» Supplied material

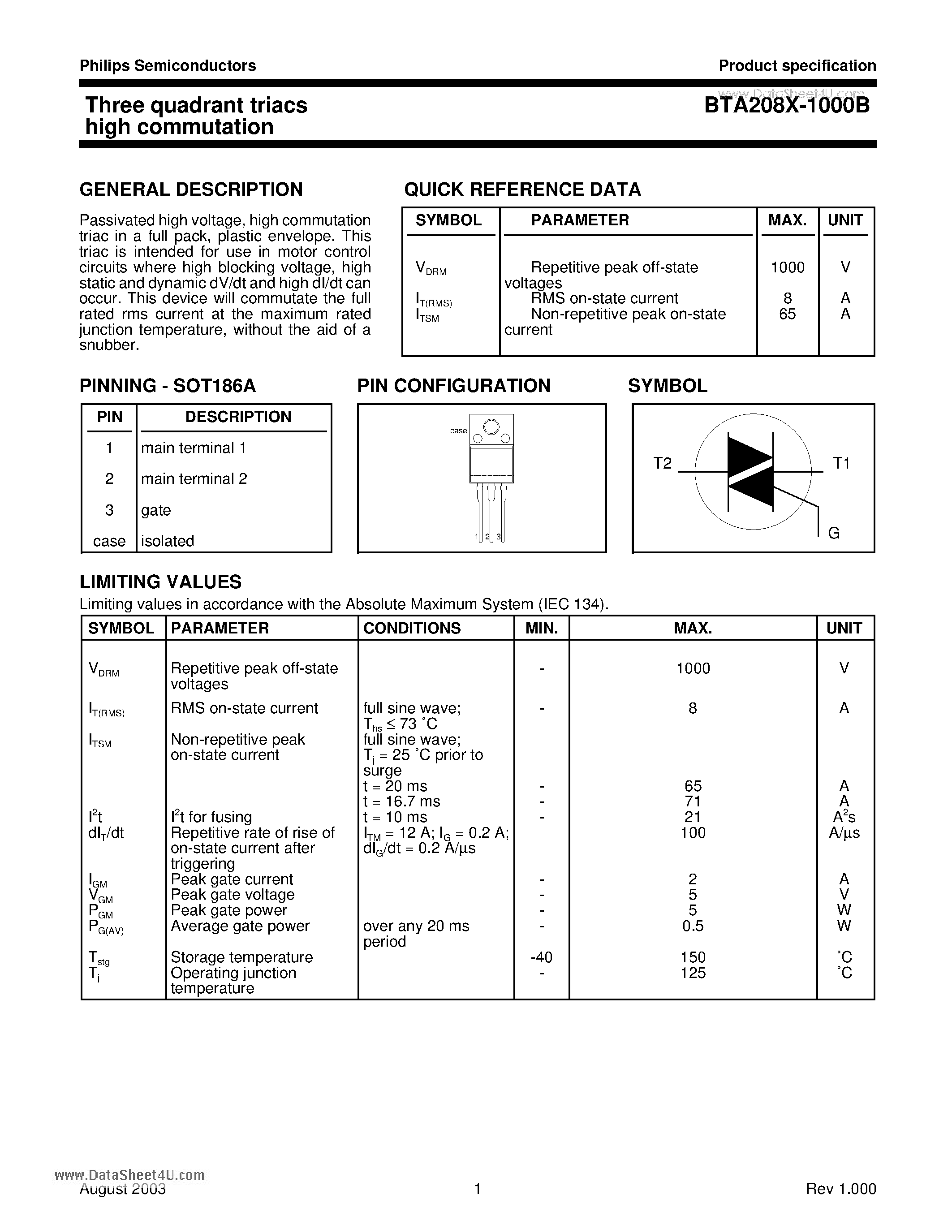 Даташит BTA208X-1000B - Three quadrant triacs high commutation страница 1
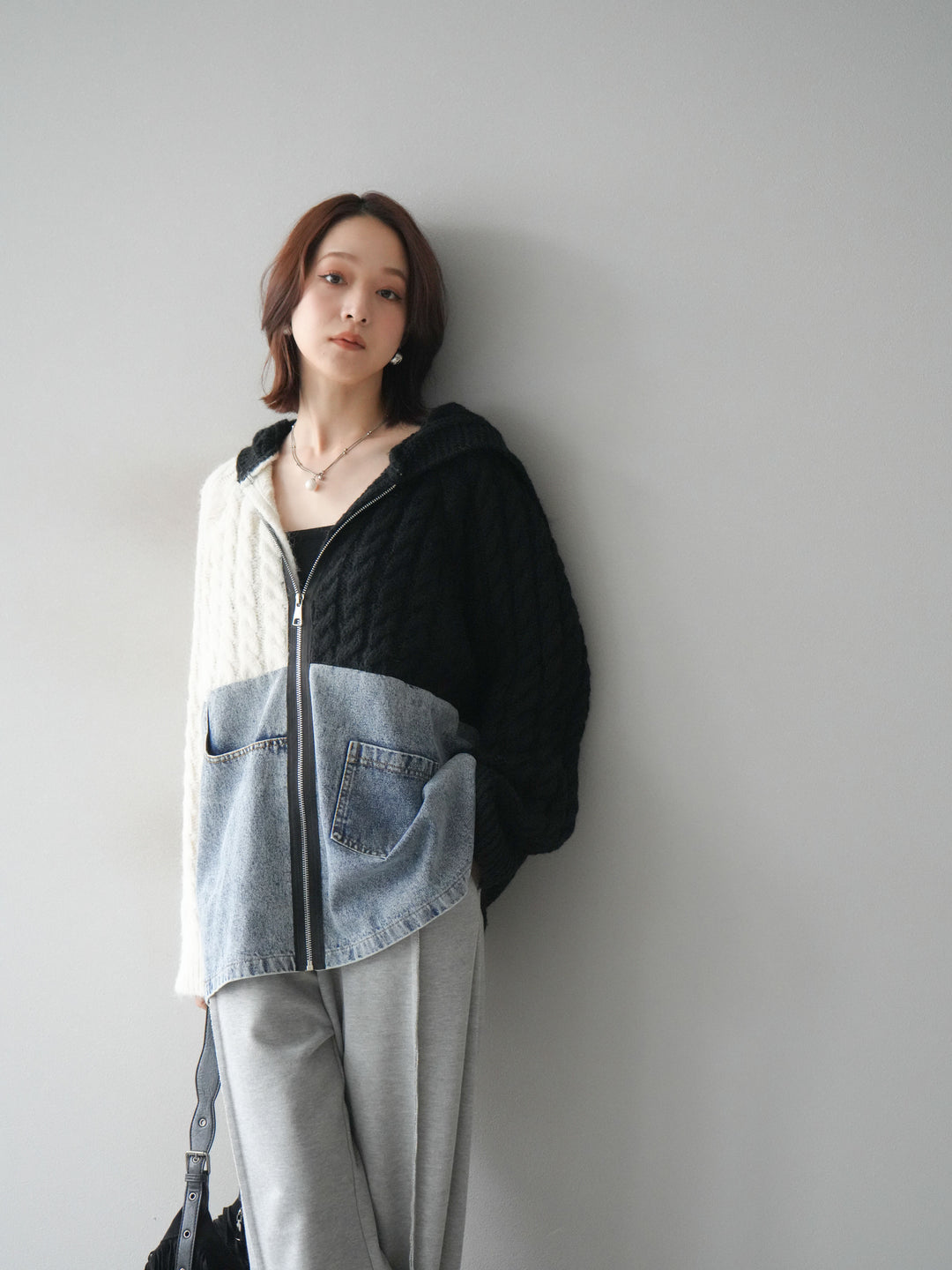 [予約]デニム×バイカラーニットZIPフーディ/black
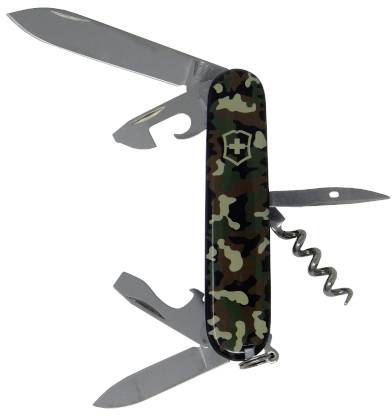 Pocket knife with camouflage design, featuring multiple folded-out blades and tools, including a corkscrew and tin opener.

» Instructions for the task
Recopy the whole listing above precisely, excluding images.

» Answer box
 Даташит BTA208X-1000B - Three quadrant triacs high commutation страница 1
 [予約]デニム×バイカラーニットZIPフーディ/black
 Pocket knife with camouflage design, featuring multiple folded-out blades and tools, including a corkscrew and tin opener.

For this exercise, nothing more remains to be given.